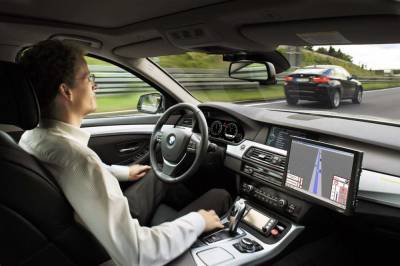 Автомобильный эксперт заявил, что автопилот еще не скоро заменит водителей в России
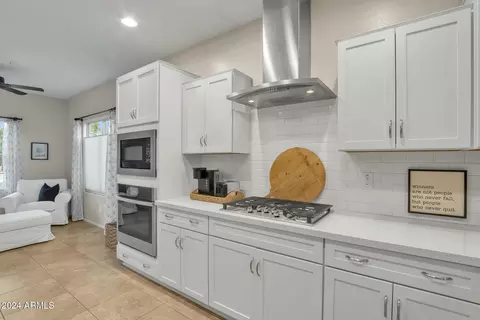 2327 E Runaway Bay Pl, Gilbert, AZ 85298 photo 12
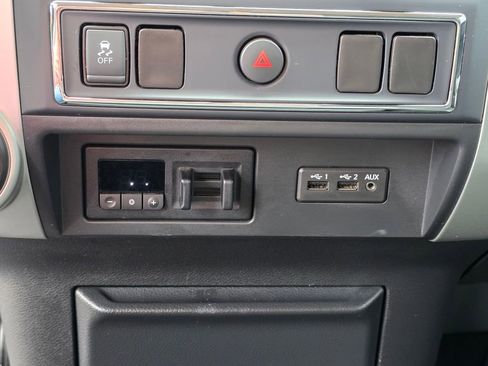 Used 2019 Nissan Titan SV AWD/4WD image 26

** Task **
What you return should be only the lines from the line with "2327 E Runaway" through the last line of the listing above, exactly, both ends included, pictures excluded.

** Exercise output **
 2327 E Runaway Bay Pl, Gilbert, AZ 85298 photo 12
 Used 2019 Nissan Titan SV AWD/4WD image 26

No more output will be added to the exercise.